Dirjen Energi Baru Terbarukan dan Konservasi Energi Kementerian ESDM Rida Mulyana di Jakarta, Rabu (28/8) mengatakan, Peraturan Menteri ESDM yang mewajibkan pemanfaatan bahan bakar nabati akan segera terbit. "Hari ini rencananya ditandatangani Menteri ESDM dan diharapkan mulai berlaku pekan depan," katanya.
Menurut dia, permen berisi kewajiban pencampuran solar dengan bahan nabati minimal 10 persen. Dengan kewajiban tersebut, maka setiap 1 liter solar terdiri dari 0,9 liter solar murni dan 0,1 liter bahan nabati. "Kewajiban ini berlaku bagi semua solar baik subsidi maupun nonsubsidi," katanya.
Dengan demikian, lanjutnya, semua pengguna solar seperti PT Pertamina, PT PLN, industri seperti PT Freeport Indonesia, dan badan usaha penyalur BBM nonsubsidi antara lain PT Shell Indonesia dan PT AKR Tbk wajib mencampurnya dengan 10 persen nabati.
Rida menambahkan, saat ini, konsumsi solar nasional mencapai 34 juta kiloliter per tahun yang terdiri dari subsidi 17 juta kiloliter dan nonsubsidi juga 17 juta kiloliter. "Kalau 10 persennya menggunakan bahan nabati, berarti 3,4 juta kiloliter solar diganti nabati," katanya.

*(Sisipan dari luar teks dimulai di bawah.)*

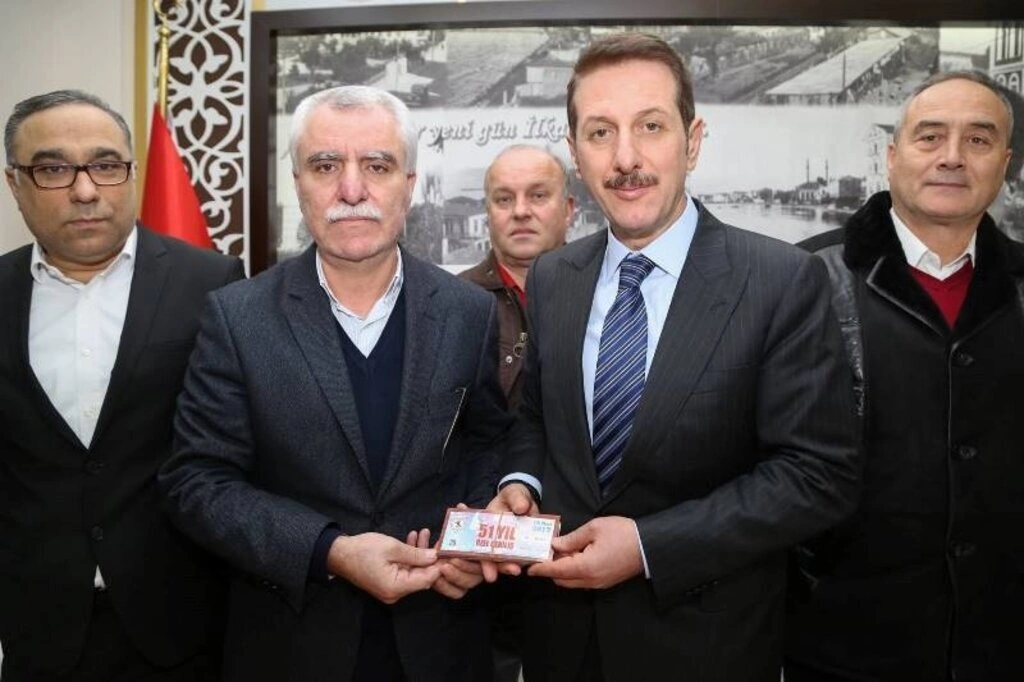 Başkan Tok'tan 1919 Forma ve 1919 Bilet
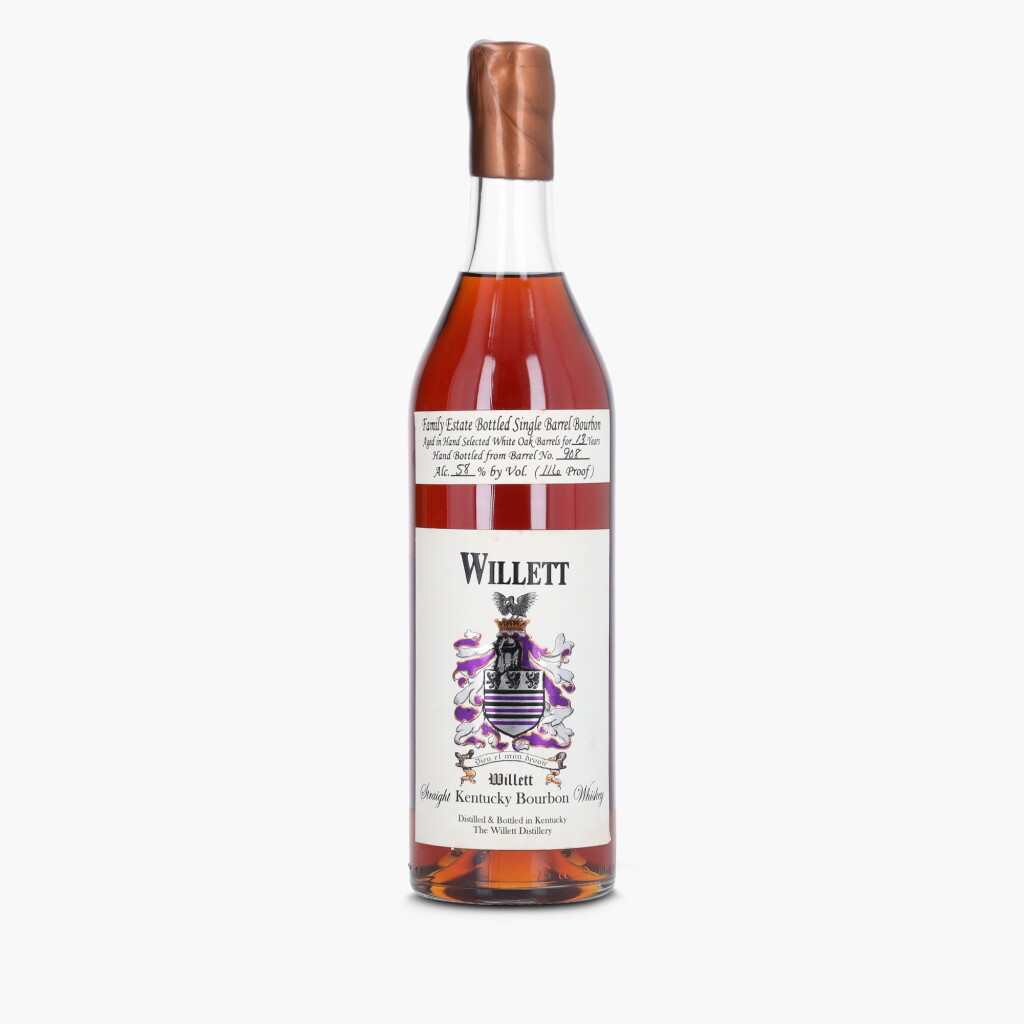 View full screen - View 1 of Lot 2248. Willett Family Estate Single Barrel Bourbon #908 13 Year Old 116 Proof NV (1 Bottle 75cl).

Namun, tambahnya, pemerintah menargetkan substitusi solar bisa lebih besar yakni 5,7 juta kiloliter per tahun atau sesuai kapasitas terpasang nasional pabrik pembuat bahan nabatinya.
Menurut dia, memang pada 2012 tingkat produksi bahan nabati hanya 2,2 juta kiloliter yang dialokasikan ke dalam negeri 670 ribu dan 1,53 juta kiloliter diekspor.
Akan tetapi, peningkatan produksi pabrik bisa segera dilakukan mengingat sudah tersedianya mulai bahan baku, infrastruktur hingga pasarnya. "Harganya pun tidak masalah. Apalagi, harga ekspornya sekarang sedang turun," katanya.